▶ **PROBLEM**:
If an entry holds a picture, drop the picture and restate the rest word for word.

*** EXTRACTED RECORDS ***

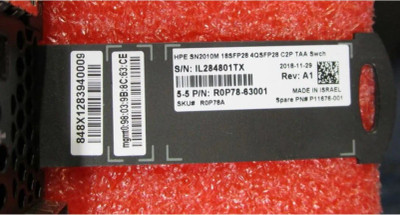 R0P78A - HPE 24-Port 25GbE 4x QSFP28 Layer-3 Network Switch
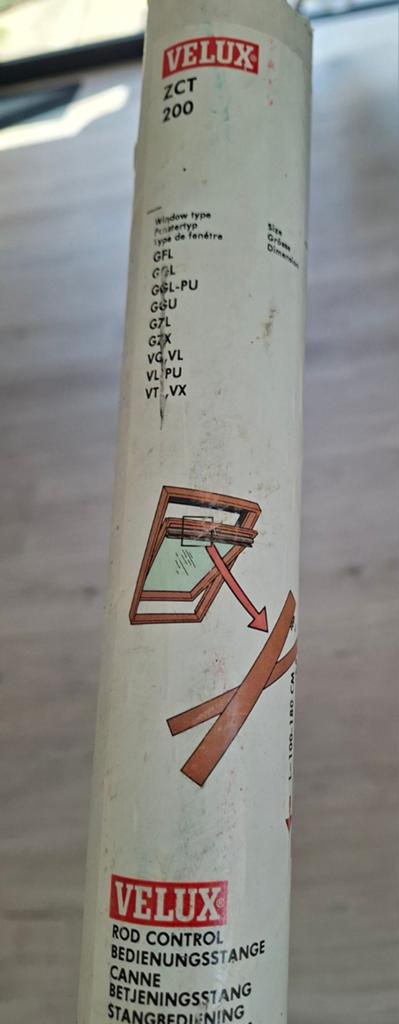 Uitschuifbare bedieningsstang voor Velux, Doe-het-zelf en Bouw, Glas en Ramen, Ophalen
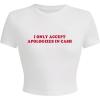 imageSOLY HUX Womens Y2K Graphic Crop Top Short Sleeve Sexy Cute TShirts Tee Crop TopLetter White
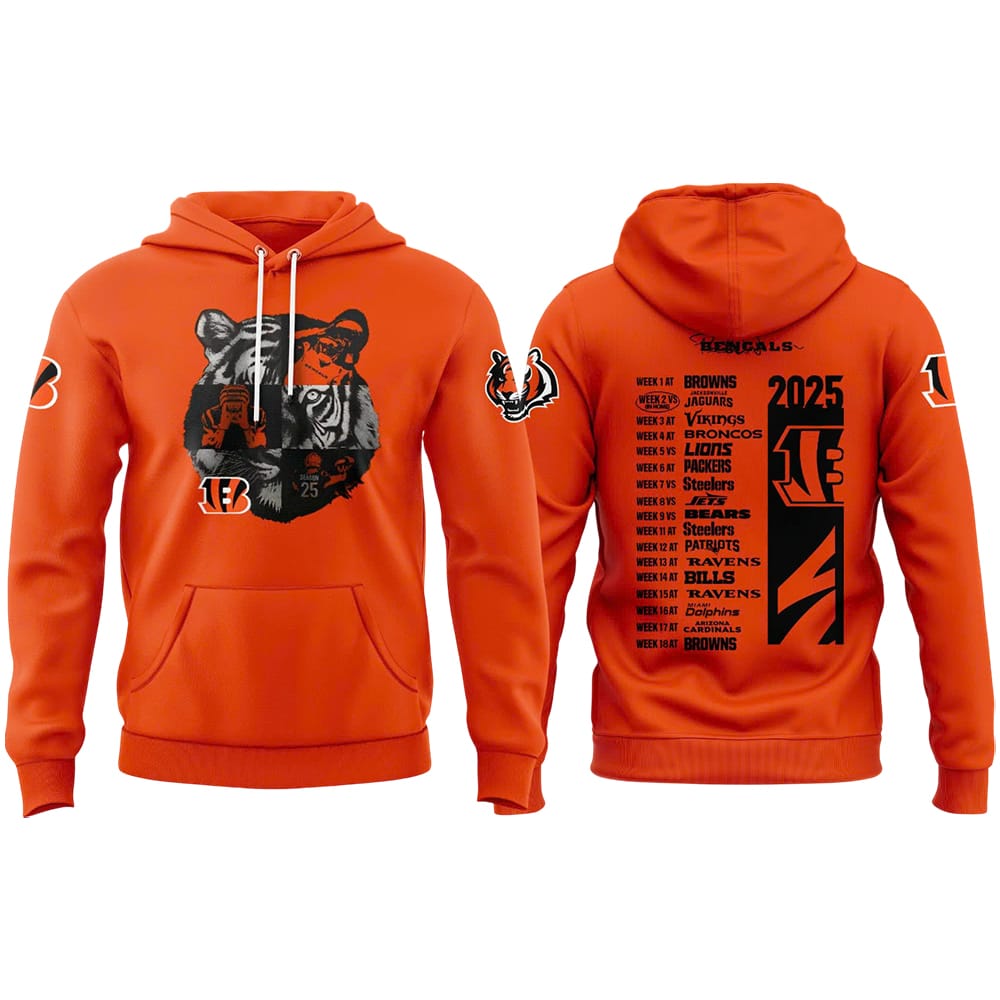 Bengals New Season Hoodie 2025 Bengals New Season Hoodie 2025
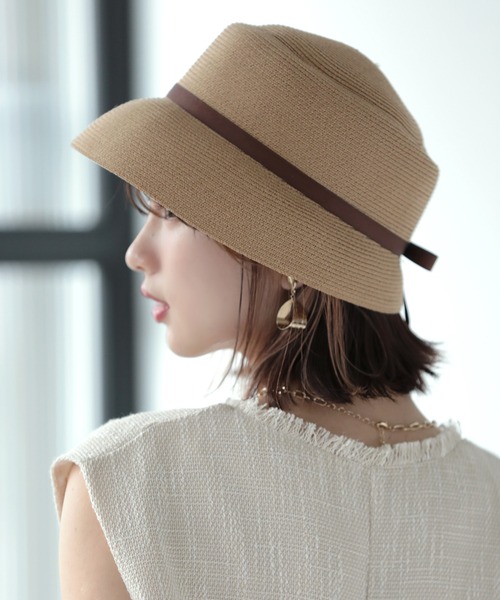 「Little＆More」 ストローハット FREE カーキ レディース_画像8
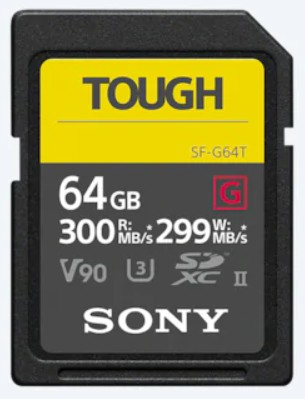 Sony SF64TG pamięć flash 64 GB SDHC UHS-II Klasa 1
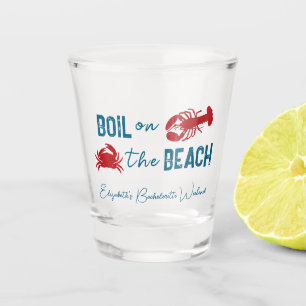 Seafood Boil Bachelorette Party Shot Glass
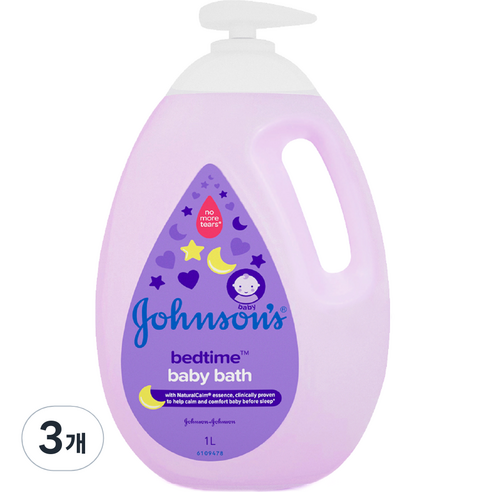 존슨즈베이비 베드타임 바스 아로마향, 1000ml, 3개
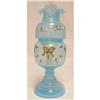 Image 1 : ENAMEL OPALSCENT BLUE CANDLE LAMP #1703123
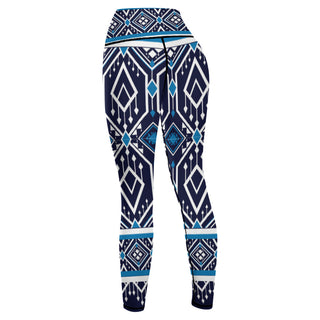 Hexagon Hues Yoga Pants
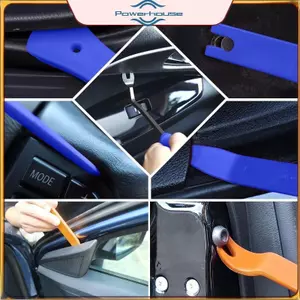 POWER 5 Cái Không Trầy Xước Nhựa Dụng Cụ Tháo Viền Xe Ô Tô Bộ Dụng Cụ Loại Bỏ Bảng Cửa Nội Thất Kẹp Dây Buộc Bộ Loại Bỏ Cho Xe.
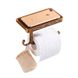 Держатель туалетной бумаги / полотенец с полочкой R155 бронза 2029 фото 1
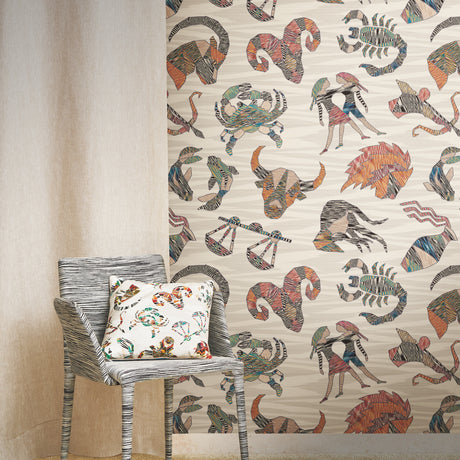 York MI10352 Constellations Grey Wallpaper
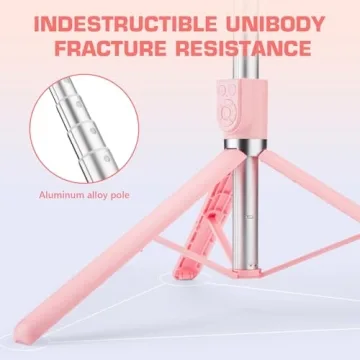 Versatile Selfie Stick Tripod with Rechargeable Remote
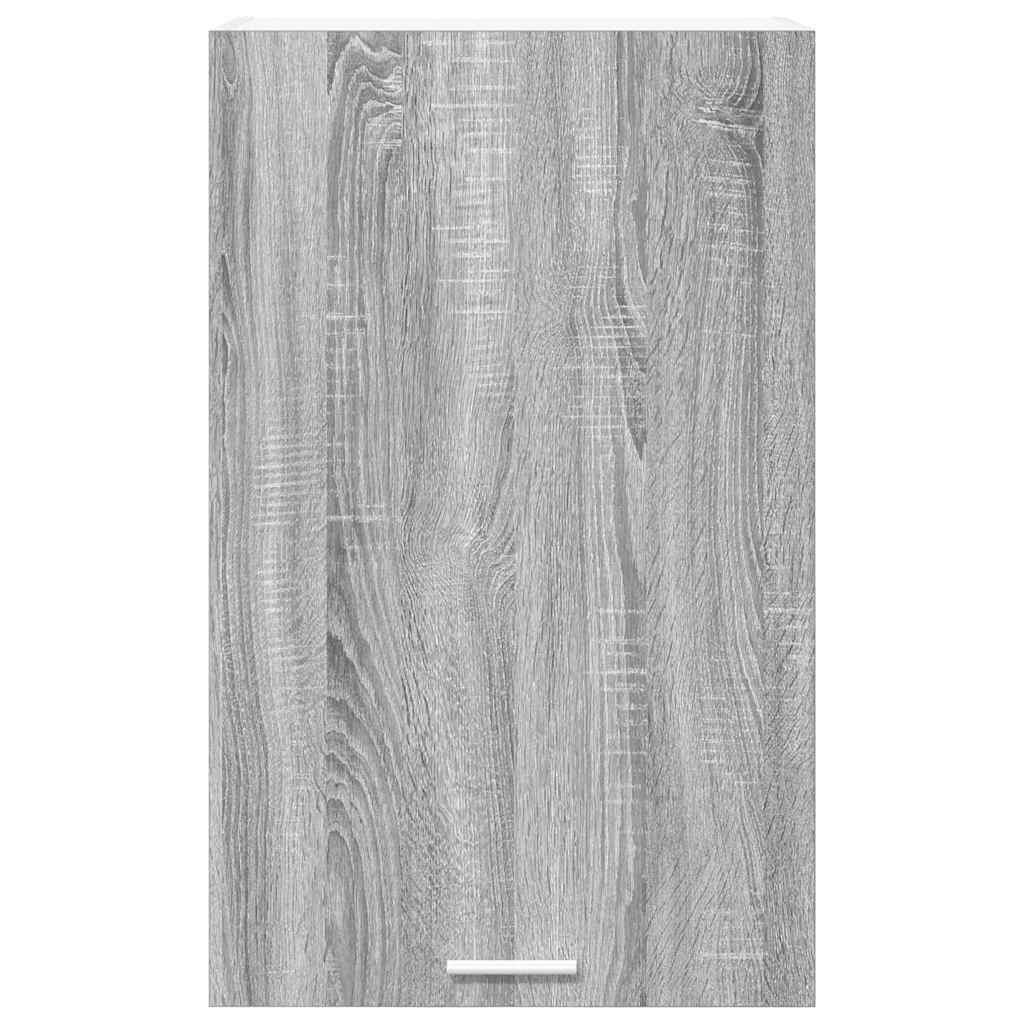 Hangkast Grijs Sonoma en Wit 50 x 31 x 80 cm Bewerkt hout is nu te koop bij PeponiXL, paradijselijk wonen!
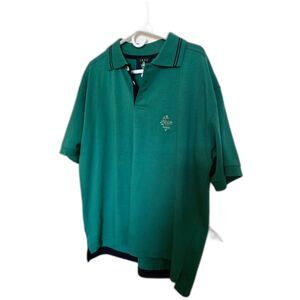 IRFU Club Tricot Sport Rugby Polo Shirt Green Size L – 100% Cotton St. Patrick's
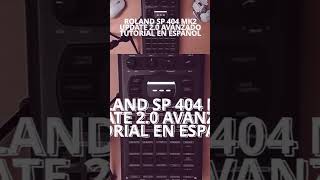 Roland SP404 MK2 tutorial avanzado update 20 sampler [upl. by Luoar]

*** End of EXTRACTED RECORDS ***

▶ **SOLUTION FOR THIS EXERCISE**:
 R0P78A - HPE 24-Port 25GbE 4x QSFP28 Layer-3 Network Switch
 Uitschuifbare bedieningsstang voor Velux, Doe-het-zelf en Bouw, Glas en Ramen, Ophalen
 imageSOLY HUX Womens Y2K Graphic Crop Top Short Sleeve Sexy Cute TShirts Tee Crop TopLetter White
 Bengals New Season Hoodie 2025 Bengals New Season Hoodie 2025
 「Little＆More」 ストローハット FREE カーキ レディース_画像8
 Sony SF64TG pamięć flash 64 GB SDHC UHS-II Klasa 1
 Seafood Boil Bachelorette Party Shot Glass
 존슨즈베이비 베드타임 바스 아로마향, 1000ml, 3개
 Image 1 : ENAMEL OPALSCENT BLUE CANDLE LAMP #1703123
 Hexagon Hues Yoga Pants
 POWER 5 Cái Không Trầy Xước Nhựa Dụng Cụ Tháo Viền Xe Ô Tô Bộ Dụng Cụ Loại Bỏ Bảng Cửa Nội Thất Kẹp Dây Buộc Bộ Loại Bỏ Cho Xe.
 Держатель туалетной бумаги / полотенец с полочкой R155 бронза 2029 фото 1
 York MI10352 Constellations Grey Wallpaper
 Versatile Selfie Stick Tripod with Rechargeable Remote
 Hangkast Grijs Sonoma en Wit 50 x 31 x 80 cm Bewerkt hout is nu te koop bij PeponiXL, paradijselijk wonen!
 IRFU Club Tricot Sport Rugby Polo Shirt Green Size L – 100% Cotton St. Patrick's
 Roland SP404 MK2 tutorial avanzado update 20 sampler [upl. by Luoar]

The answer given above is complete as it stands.